I remember the stripes. Deep purple at the centers, brighter towards the edges, and at last a glowing red. I remember how they hurt, how they burned like fire when touched.
Sometimes the center of a stripe would be red, too. That happens when there's no more skin there.
I remember the terror.
You had to relax.
You'd hear the whistling sound, and then the blow would fall, and you can't help but tense up then, you can't, it's automatic—just something the body does on its own—but you have to relax quick, because there's the whistle again, as fast as a hand can rise and fall, and the pain's coming back. If you don't relax, it'll hurt worse. If your muscles are tense, they'll be shredded a little bit. Pieces of them can get in your bloodstream, make it to your heart, kill you. Kids have died that way.
You have to relax.
I got real good at it. It's a skill, being able to let go of the tension a split second after pain like someone's pressed a hot brand to your backside, but I could do it.

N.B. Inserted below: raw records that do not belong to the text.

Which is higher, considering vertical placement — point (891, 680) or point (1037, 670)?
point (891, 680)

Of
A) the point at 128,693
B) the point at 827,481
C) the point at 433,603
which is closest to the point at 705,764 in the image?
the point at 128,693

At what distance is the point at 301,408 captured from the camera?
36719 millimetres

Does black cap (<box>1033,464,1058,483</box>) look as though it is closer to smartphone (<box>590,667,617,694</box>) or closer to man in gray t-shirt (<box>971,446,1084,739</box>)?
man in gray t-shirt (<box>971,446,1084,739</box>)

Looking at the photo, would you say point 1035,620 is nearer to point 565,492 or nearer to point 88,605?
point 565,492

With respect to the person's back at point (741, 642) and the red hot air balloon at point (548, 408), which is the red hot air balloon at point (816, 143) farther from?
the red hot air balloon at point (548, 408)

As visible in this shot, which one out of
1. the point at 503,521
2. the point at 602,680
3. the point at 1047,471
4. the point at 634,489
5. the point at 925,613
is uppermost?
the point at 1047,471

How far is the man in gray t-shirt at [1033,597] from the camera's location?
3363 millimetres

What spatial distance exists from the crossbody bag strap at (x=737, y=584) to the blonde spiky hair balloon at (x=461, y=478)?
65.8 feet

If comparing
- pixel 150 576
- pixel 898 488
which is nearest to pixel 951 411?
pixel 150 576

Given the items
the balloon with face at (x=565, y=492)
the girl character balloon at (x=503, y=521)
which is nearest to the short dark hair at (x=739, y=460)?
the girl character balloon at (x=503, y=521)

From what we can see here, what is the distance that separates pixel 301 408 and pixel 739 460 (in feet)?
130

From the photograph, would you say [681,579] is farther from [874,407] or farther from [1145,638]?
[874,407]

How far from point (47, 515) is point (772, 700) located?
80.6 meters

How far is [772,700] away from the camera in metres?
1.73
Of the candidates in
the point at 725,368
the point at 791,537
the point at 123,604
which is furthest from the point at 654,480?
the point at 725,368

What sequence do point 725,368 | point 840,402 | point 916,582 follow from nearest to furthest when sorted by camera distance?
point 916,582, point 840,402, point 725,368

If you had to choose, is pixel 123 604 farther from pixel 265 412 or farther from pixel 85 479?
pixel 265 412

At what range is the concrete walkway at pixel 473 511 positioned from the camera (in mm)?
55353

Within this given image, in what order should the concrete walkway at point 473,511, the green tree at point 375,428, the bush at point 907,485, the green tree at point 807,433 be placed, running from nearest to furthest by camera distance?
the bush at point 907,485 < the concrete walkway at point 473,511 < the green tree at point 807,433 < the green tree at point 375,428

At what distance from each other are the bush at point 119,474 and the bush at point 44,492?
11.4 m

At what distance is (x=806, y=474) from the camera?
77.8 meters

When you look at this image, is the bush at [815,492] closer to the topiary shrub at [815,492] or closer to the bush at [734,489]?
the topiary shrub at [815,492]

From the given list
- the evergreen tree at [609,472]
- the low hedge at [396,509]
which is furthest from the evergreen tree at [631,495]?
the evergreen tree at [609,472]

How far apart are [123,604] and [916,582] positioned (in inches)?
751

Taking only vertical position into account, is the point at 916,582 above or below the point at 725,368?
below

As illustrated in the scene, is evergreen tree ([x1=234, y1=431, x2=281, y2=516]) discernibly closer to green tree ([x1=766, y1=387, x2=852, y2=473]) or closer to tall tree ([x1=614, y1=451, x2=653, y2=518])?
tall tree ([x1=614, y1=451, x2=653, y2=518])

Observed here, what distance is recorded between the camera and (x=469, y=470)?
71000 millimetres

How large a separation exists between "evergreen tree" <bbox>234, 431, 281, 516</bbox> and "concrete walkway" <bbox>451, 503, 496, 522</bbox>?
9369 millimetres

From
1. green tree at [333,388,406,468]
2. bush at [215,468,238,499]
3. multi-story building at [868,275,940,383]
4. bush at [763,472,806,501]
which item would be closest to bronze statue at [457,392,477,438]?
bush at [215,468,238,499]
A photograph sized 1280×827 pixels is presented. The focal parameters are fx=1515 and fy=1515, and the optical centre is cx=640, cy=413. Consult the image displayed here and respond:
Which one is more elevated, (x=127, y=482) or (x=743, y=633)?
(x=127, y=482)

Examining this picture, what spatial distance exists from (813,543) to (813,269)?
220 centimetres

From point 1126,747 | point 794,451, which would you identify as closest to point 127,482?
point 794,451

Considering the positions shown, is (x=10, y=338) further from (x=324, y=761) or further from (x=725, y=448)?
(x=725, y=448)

They used to use paint mixing sticks.
You know those cheap wooden ones you used to be able to get for free at Home Depot?
But they broke them on me too many times, and those got splintery when they busted—might leave scars. You never want to leave permanent marks on a kid. Never know what trouble that could cause you, in this sinful, secular world.
I was five, I think, when they switched to those thin little black rods. Some kind of plastic, I think, about the width of a pencil.
Mom sharpened the ends of them in a pencil sharpener.
Nasty, whippy little things. They bit deep, but ate skin away real slow. No permanent marks. The impermanent ones were real colorful, though.
"Take off your pants," they'd say, and you'd do it, shaking and trying not to cry, but it's hard when you're only five and you're so, so scared. "Bend over," they'd say, and you would. No point in running. They'd only catch you and beat you more, harder.
They'd count it out. Each stroke.
You couldn't scream. If you did, they'd add more. Screaming is defiance. It's bad. You're bad—even worse than you already are—if you scream.
At first you can't help it. You're so scared, and it hurts so much. But you learn.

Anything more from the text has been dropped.